* _Task goal_: Going down the listing below, print exactly each line from the one with "Scharfes Pfropfmesser,Gartenmesser Klappbar,Klappbar" up to and including the one with "Appartamento per 6", and skip the rest.

- - - - - - -

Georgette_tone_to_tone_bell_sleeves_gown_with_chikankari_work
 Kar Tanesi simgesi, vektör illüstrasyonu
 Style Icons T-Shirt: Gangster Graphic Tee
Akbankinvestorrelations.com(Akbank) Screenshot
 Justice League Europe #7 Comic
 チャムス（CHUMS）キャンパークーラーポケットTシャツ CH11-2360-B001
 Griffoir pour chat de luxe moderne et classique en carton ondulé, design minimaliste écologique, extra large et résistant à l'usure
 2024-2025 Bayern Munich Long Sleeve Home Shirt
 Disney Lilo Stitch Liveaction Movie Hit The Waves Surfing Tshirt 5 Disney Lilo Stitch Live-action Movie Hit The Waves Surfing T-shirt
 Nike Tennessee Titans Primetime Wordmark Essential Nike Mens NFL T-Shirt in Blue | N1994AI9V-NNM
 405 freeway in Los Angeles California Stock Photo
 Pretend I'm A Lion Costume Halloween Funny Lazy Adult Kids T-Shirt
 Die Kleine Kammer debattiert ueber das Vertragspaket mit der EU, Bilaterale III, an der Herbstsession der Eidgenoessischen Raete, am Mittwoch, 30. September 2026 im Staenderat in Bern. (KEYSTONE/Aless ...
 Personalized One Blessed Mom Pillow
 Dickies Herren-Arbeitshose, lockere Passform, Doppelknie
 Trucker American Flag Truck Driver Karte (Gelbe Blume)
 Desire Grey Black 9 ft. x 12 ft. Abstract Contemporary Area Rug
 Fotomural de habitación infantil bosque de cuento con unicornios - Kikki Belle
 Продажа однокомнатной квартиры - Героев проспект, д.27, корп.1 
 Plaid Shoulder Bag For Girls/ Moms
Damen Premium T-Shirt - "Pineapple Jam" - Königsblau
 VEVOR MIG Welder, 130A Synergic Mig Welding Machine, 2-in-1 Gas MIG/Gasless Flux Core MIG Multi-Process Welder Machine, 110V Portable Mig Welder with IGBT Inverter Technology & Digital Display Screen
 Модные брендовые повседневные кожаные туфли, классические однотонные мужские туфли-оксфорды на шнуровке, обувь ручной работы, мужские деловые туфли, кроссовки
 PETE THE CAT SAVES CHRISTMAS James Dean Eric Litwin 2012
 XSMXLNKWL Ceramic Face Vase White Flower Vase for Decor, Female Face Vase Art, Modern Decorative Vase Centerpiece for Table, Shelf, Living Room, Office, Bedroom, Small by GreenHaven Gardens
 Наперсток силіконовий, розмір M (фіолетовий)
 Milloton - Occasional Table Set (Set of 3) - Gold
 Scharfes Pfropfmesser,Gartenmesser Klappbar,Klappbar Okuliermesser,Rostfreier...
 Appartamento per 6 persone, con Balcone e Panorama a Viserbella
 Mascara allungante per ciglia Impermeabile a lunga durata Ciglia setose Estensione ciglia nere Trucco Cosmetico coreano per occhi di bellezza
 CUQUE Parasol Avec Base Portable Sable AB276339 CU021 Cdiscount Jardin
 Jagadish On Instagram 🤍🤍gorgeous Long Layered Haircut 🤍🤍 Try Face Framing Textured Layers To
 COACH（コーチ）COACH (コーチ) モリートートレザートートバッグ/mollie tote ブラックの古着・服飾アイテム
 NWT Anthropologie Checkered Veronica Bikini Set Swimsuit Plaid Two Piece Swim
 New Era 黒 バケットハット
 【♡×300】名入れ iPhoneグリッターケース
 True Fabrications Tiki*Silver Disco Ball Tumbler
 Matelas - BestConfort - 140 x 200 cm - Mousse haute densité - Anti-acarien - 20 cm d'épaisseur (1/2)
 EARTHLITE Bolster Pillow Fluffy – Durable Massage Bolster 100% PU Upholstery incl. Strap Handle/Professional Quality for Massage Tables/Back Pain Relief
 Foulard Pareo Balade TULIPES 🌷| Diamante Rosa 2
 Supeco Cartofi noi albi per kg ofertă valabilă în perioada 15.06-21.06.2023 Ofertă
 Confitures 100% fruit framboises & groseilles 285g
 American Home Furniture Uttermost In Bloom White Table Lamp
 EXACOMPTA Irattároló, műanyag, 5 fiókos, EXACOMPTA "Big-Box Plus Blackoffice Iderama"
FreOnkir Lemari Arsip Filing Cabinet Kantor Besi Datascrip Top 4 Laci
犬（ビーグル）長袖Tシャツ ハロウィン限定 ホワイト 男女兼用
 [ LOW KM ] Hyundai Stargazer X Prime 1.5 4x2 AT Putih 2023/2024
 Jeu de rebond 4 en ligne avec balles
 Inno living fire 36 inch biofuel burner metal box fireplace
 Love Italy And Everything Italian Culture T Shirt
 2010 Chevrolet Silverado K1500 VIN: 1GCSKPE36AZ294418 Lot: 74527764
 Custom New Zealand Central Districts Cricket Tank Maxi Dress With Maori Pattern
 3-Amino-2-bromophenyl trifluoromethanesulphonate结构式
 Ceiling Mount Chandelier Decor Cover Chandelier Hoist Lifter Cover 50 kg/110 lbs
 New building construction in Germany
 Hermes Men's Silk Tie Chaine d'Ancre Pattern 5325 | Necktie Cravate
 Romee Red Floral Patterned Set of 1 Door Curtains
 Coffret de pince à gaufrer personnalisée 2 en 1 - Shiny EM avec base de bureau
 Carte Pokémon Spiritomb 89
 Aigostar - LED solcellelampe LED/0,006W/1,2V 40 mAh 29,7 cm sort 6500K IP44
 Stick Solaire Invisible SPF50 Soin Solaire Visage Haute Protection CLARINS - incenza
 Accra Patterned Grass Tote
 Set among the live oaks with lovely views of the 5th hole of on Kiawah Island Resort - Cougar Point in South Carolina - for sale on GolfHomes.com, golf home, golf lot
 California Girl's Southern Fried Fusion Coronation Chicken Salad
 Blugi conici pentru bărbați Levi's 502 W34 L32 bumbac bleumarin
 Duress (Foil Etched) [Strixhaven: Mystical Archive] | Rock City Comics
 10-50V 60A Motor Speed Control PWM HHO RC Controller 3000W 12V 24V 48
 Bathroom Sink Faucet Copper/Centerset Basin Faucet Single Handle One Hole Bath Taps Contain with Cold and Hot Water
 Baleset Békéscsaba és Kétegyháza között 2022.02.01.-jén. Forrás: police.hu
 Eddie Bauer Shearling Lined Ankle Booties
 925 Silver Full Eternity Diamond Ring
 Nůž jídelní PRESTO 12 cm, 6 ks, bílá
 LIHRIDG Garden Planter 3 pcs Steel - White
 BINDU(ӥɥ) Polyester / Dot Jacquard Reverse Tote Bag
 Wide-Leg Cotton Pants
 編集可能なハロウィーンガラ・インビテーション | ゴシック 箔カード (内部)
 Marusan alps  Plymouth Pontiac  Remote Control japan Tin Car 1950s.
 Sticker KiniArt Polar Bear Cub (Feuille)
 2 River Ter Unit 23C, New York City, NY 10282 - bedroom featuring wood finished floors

- - - - - - -

* _Task output_:
 Scharfes Pfropfmesser,Gartenmesser Klappbar,Klappbar Okuliermesser,Rostfreier...
 Appartamento per 6 persone, con Balcone e Panorama a Viserbella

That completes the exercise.